*PROMPT*.
Each record should appear again in the response exactly as it does in the original.

Caption-style text data

Segment Open

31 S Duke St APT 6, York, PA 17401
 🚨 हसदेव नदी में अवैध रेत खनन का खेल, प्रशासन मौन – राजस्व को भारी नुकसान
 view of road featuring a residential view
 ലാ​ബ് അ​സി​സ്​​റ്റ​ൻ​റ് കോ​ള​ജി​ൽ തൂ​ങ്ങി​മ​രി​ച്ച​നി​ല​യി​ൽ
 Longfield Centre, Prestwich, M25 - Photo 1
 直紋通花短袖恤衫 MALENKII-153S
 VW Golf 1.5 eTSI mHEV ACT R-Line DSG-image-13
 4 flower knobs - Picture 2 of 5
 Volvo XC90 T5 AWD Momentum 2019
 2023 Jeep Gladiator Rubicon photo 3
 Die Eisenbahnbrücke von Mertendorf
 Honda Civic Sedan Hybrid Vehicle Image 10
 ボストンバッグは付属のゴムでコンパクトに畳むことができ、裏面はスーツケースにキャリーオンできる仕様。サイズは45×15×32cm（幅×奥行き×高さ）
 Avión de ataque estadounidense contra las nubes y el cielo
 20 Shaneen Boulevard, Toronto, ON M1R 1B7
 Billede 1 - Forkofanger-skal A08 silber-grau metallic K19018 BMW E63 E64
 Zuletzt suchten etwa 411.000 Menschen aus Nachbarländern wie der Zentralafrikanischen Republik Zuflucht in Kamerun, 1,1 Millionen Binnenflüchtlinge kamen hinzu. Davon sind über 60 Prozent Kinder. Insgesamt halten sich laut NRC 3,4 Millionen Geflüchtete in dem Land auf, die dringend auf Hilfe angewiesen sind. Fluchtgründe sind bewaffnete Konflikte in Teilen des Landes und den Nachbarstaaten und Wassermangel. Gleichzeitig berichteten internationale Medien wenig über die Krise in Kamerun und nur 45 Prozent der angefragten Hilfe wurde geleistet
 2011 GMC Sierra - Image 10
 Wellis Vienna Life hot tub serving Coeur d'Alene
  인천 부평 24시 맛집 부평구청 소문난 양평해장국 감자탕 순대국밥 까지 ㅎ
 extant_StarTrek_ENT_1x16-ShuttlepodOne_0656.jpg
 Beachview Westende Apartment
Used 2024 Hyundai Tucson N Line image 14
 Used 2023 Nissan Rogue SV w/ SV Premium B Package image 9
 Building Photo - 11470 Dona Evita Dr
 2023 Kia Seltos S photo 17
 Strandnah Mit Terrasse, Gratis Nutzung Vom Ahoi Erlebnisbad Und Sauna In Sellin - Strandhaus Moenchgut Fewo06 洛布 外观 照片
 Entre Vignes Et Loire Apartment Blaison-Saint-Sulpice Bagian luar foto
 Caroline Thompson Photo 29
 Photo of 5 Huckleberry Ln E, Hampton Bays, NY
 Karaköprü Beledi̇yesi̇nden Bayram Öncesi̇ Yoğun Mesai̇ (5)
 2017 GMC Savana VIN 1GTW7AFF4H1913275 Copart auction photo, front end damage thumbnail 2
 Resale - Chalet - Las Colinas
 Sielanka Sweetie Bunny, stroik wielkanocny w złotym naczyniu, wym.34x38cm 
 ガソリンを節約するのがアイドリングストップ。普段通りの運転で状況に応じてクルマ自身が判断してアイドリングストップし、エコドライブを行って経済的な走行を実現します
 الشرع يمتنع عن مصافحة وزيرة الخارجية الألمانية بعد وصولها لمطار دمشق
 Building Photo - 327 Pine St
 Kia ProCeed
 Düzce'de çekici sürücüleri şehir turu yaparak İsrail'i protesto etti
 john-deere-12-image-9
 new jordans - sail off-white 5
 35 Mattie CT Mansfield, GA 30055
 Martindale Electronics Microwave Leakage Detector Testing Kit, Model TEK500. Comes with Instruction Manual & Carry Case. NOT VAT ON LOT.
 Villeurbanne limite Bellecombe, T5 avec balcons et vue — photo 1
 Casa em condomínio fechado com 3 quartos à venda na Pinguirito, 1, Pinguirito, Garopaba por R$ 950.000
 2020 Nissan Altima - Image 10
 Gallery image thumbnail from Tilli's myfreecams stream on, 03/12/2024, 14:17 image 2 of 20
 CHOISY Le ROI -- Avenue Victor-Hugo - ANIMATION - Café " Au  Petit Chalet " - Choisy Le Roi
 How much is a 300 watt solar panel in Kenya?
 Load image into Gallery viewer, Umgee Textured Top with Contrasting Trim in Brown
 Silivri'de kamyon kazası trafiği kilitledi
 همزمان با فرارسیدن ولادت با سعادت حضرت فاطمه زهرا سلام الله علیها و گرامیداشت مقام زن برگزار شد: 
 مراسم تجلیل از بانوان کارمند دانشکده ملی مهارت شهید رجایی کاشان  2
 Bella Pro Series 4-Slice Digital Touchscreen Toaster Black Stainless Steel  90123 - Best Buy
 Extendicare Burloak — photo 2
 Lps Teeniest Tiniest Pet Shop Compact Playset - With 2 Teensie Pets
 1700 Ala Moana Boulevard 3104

Segment Closed

*RESULT OF THE TASK*.
31 S Duke St APT 6, York, PA 17401
 🚨 हसदेव नदी में अवैध रेत खनन का खेल, प्रशासन मौन – राजस्व को भारी नुकसान
 view of road featuring a residential view
 ലാ​ബ് അ​സി​സ്​​റ്റ​ൻ​റ് കോ​ള​ജി​ൽ തൂ​ങ്ങി​മ​രി​ച്ച​നി​ല​യി​ൽ
 Longfield Centre, Prestwich, M25 - Photo 1
 直紋通花短袖恤衫 MALENKII-153S
 VW Golf 1.5 eTSI mHEV ACT R-Line DSG-image-13
 4 flower knobs - Picture 2 of 5
 Volvo XC90 T5 AWD Momentum 2019
 2023 Jeep Gladiator Rubicon photo 3
 Die Eisenbahnbrücke von Mertendorf
 Honda Civic Sedan Hybrid Vehicle Image 10
 ボストンバッグは付属のゴムでコンパクトに畳むことができ、裏面はスーツケースにキャリーオンできる仕様。サイズは45×15×32cm（幅×奥行き×高さ）
 Avión de ataque estadounidense contra las nubes y el cielo
 20 Shaneen Boulevard, Toronto, ON M1R 1B7
 Billede 1 - Forkofanger-skal A08 silber-grau metallic K19018 BMW E63 E64
 Zuletzt suchten etwa 411.000 Menschen aus Nachbarländern wie der Zentralafrikanischen Republik Zuflucht in Kamerun, 1,1 Millionen Binnenflüchtlinge kamen hinzu. Davon sind über 60 Prozent Kinder. Insgesamt halten sich laut NRC 3,4 Millionen Geflüchtete in dem Land auf, die dringend auf Hilfe angewiesen sind. Fluchtgründe sind bewaffnete Konflikte in Teilen des Landes und den Nachbarstaaten und Wassermangel. Gleichzeitig berichteten internationale Medien wenig über die Krise in Kamerun und nur 45 Prozent der angefragten Hilfe wurde geleistet
 2011 GMC Sierra - Image 10
 Wellis Vienna Life hot tub serving Coeur d'Alene
  인천 부평 24시 맛집 부평구청 소문난 양평해장국 감자탕 순대국밥 까지 ㅎ
 extant_StarTrek_ENT_1x16-ShuttlepodOne_0656.jpg
 Beachview Westende Apartment
Used 2024 Hyundai Tucson N Line image 14
 Used 2023 Nissan Rogue SV w/ SV Premium B Package image 9
 Building Photo - 11470 Dona Evita Dr
 2023 Kia Seltos S photo 17
 Strandnah Mit Terrasse, Gratis Nutzung Vom Ahoi Erlebnisbad Und Sauna In Sellin - Strandhaus Moenchgut Fewo06 洛布 外观 照片
 Entre Vignes Et Loire Apartment Blaison-Saint-Sulpice Bagian luar foto
 Caroline Thompson Photo 29
 Photo of 5 Huckleberry Ln E, Hampton Bays, NY
 Karaköprü Beledi̇yesi̇nden Bayram Öncesi̇ Yoğun Mesai̇ (5)
 2017 GMC Savana VIN 1GTW7AFF4H1913275 Copart auction photo, front end damage thumbnail 2
 Resale - Chalet - Las Colinas
 Sielanka Sweetie Bunny, stroik wielkanocny w złotym naczyniu, wym.34x38cm 
 ガソリンを節約するのがアイドリングストップ。普段通りの運転で状況に応じてクルマ自身が判断してアイドリングストップし、エコドライブを行って経済的な走行を実現します
 الشرع يمتنع عن مصافحة وزيرة الخارجية الألمانية بعد وصولها لمطار دمشق
 Building Photo - 327 Pine St
 Kia ProCeed
 Düzce'de çekici sürücüleri şehir turu yaparak İsrail'i protesto etti
 john-deere-12-image-9
 new jordans - sail off-white 5
 35 Mattie CT Mansfield, GA 30055
 Martindale Electronics Microwave Leakage Detector Testing Kit, Model TEK500. Comes with Instruction Manual & Carry Case. NOT VAT ON LOT.
 Villeurbanne limite Bellecombe, T5 avec balcons et vue — photo 1
 Casa em condomínio fechado com 3 quartos à venda na Pinguirito, 1, Pinguirito, Garopaba por R$ 950.000
 2020 Nissan Altima - Image 10
 Gallery image thumbnail from Tilli's myfreecams stream on, 03/12/2024, 14:17 image 2 of 20
 CHOISY Le ROI -- Avenue Victor-Hugo - ANIMATION - Café " Au  Petit Chalet " - Choisy Le Roi
 How much is a 300 watt solar panel in Kenya?
 Load image into Gallery viewer, Umgee Textured Top with Contrasting Trim in Brown
 Silivri'de kamyon kazası trafiği kilitledi
 همزمان با فرارسیدن ولادت با سعادت حضرت فاطمه زهرا سلام الله علیها و گرامیداشت مقام زن برگزار شد: 
 مراسم تجلیل از بانوان کارمند دانشکده ملی مهارت شهید رجایی کاشان  2
 Bella Pro Series 4-Slice Digital Touchscreen Toaster Black Stainless Steel  90123 - Best Buy
 Extendicare Burloak — photo 2
 Lps Teeniest Tiniest Pet Shop Compact Playset - With 2 Teensie Pets
 1700 Ala Moana Boulevard 3104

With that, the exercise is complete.